Initially, it seemed that would work, until they realized the building’s age didn’t provide for great soundproofing between rooms. These days, the children’s theater stays upstairs, while ACES works downstairs.

Thomson’s crew doesn’t just put on summer plays. The building is busy all year, with theater workshops, afterschool choirs, jazz band, tap dancing lessons, and more. The Bigfork Playhouse Children’s Theatre’s summer program starts up in May.

Since day one of the BPCT, Thomson said he’s striven for excellence, to be able to put on shows that will leave audiences thrilled and impressed, to blow their idea of what a children’s production should be right out of the water.

It’s been a successful mission, with more than 5,000 kids reached every year, while also providing top-notch stage productions.

“This is the home for that, where those kids have those rehearsals,” Thomson said of the theater’s building.

And if the theater company plays its cards right, that home stage could change from a lease agreement to permanent ownership. After buying 47 percent of the building in 2014 from Walter Kuhn, who put up the original financing for the building with the idea that the children’s theater would eventually buy him out, Thomson said the next step is buying out the second half from the Community Foundation for a Better Bigfork.

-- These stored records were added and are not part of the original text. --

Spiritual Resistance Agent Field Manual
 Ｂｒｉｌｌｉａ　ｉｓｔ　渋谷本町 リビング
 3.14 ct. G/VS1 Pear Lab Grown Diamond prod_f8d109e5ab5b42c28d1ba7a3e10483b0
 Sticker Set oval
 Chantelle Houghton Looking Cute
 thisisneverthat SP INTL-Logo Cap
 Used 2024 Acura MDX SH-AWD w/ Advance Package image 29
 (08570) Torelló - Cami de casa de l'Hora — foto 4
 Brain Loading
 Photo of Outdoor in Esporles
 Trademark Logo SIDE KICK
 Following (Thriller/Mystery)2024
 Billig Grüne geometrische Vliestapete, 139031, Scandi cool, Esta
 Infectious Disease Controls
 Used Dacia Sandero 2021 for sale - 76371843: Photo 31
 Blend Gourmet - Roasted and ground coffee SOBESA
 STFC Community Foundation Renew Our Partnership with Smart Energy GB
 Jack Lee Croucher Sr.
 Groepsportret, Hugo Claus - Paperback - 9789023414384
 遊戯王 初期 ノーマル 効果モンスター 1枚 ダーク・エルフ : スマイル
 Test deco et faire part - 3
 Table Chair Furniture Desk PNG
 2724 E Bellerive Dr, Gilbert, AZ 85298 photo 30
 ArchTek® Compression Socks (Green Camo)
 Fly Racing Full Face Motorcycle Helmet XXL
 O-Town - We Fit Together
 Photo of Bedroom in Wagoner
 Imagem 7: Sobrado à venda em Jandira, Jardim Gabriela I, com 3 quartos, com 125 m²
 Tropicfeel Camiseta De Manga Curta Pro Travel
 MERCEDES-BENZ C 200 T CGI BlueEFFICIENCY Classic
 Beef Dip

“We entered into a three-year agreement with them saying our goal is to sell this to you,” CFBB President Paul Mutascio said. “We wanted to ensure there was a Children’s Theatre, it’s a safe place for kids in Bigfork.”

On Jan. 14, the CFBB held a special board meeting during which it decided to sell the remaining share of the building to the Children’s Theatre for a flat rate of $85,000. It’s a considerable donation, Mutascio said, because the organization has invested more than $102,000 in the building.

The lease between the two organizations showed that the monthly rental fee was charged only to recover the CFBB’s costs for insurance, property taxes, and depreciation.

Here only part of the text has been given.